**What to do:** Leaving out the pictures, please retype each record exactly.

**Captioned web image data:**
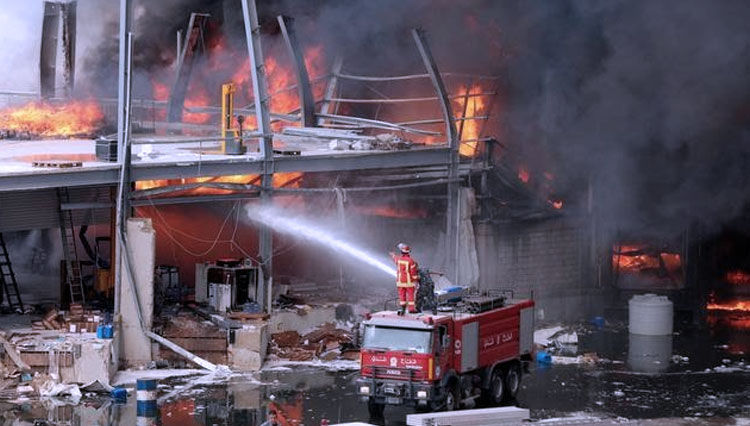 Kebakaran besar di Pelabuhan Beirut, Kamis (10/9/2020) yang membuat penduduk setempat mengungsi karena trauma ledakan. (FOTO: Reuters)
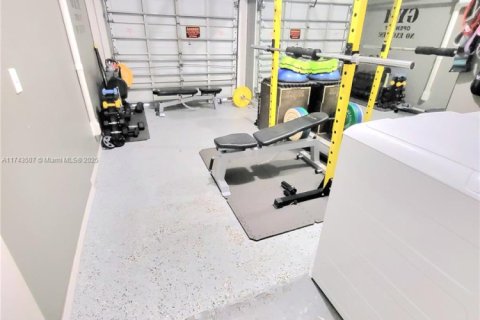 Снять в аренду таунхаус в Майами-Лейкс, Флорида 3 спальни, 187.2м2, № 1798850 - фото 24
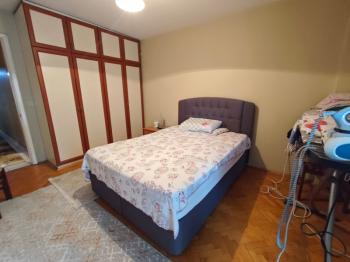 KARŞIYAKA’NIN MERKEZİ BAHÇELİEVLER’DE GENİŞ 3+1 DAİRE 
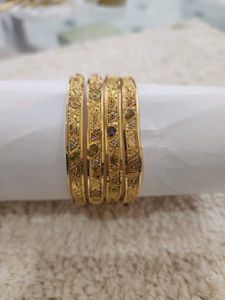 1mg GOLD BANGLES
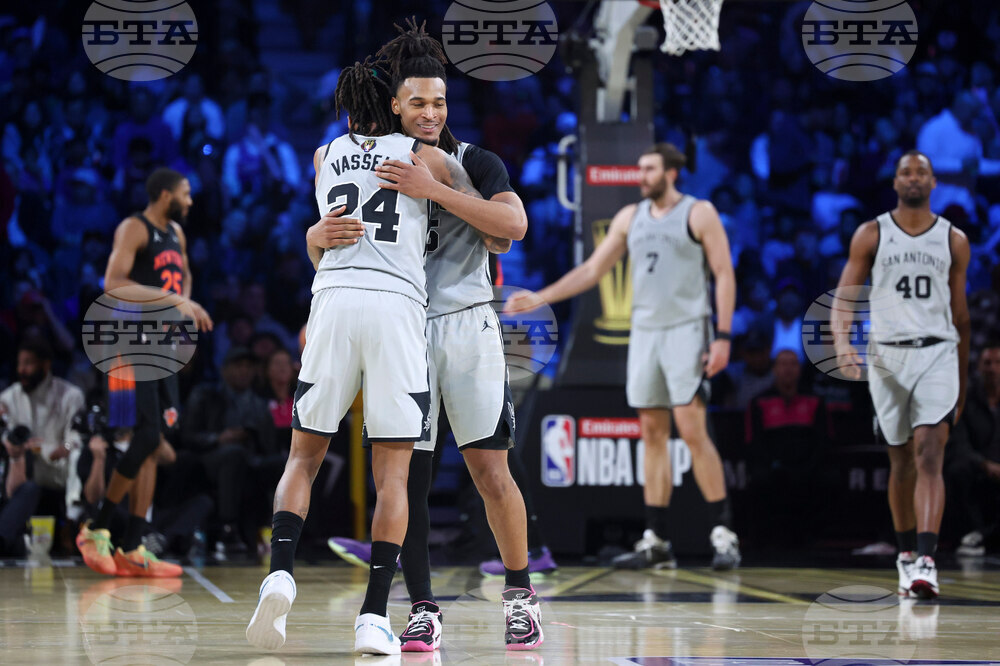 Knicks Spurs Basketball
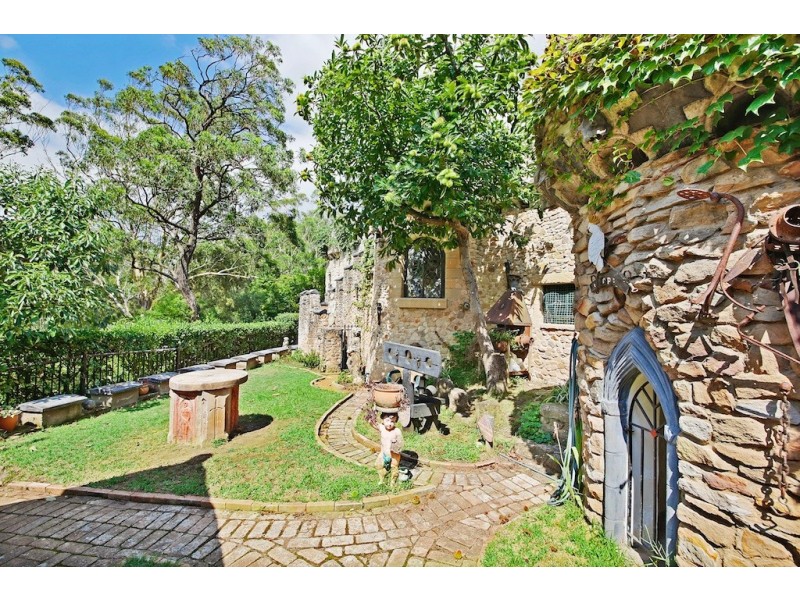 4 Dowling St, Leumeah NSW 2560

**Problem solution:**
 Kebakaran besar di Pelabuhan Beirut, Kamis (10/9/2020) yang membuat penduduk setempat mengungsi karena trauma ledakan. (FOTO: Reuters)
 Снять в аренду таунхаус в Майами-Лейкс, Флорида 3 спальни, 187.2м2, № 1798850 - фото 24
 KARŞIYAKA’NIN MERKEZİ BAHÇELİEVLER’DE GENİŞ 3+1 DAİRE 
 1mg GOLD BANGLES
 Knicks Spurs Basketball
 4 Dowling St, Leumeah NSW 2560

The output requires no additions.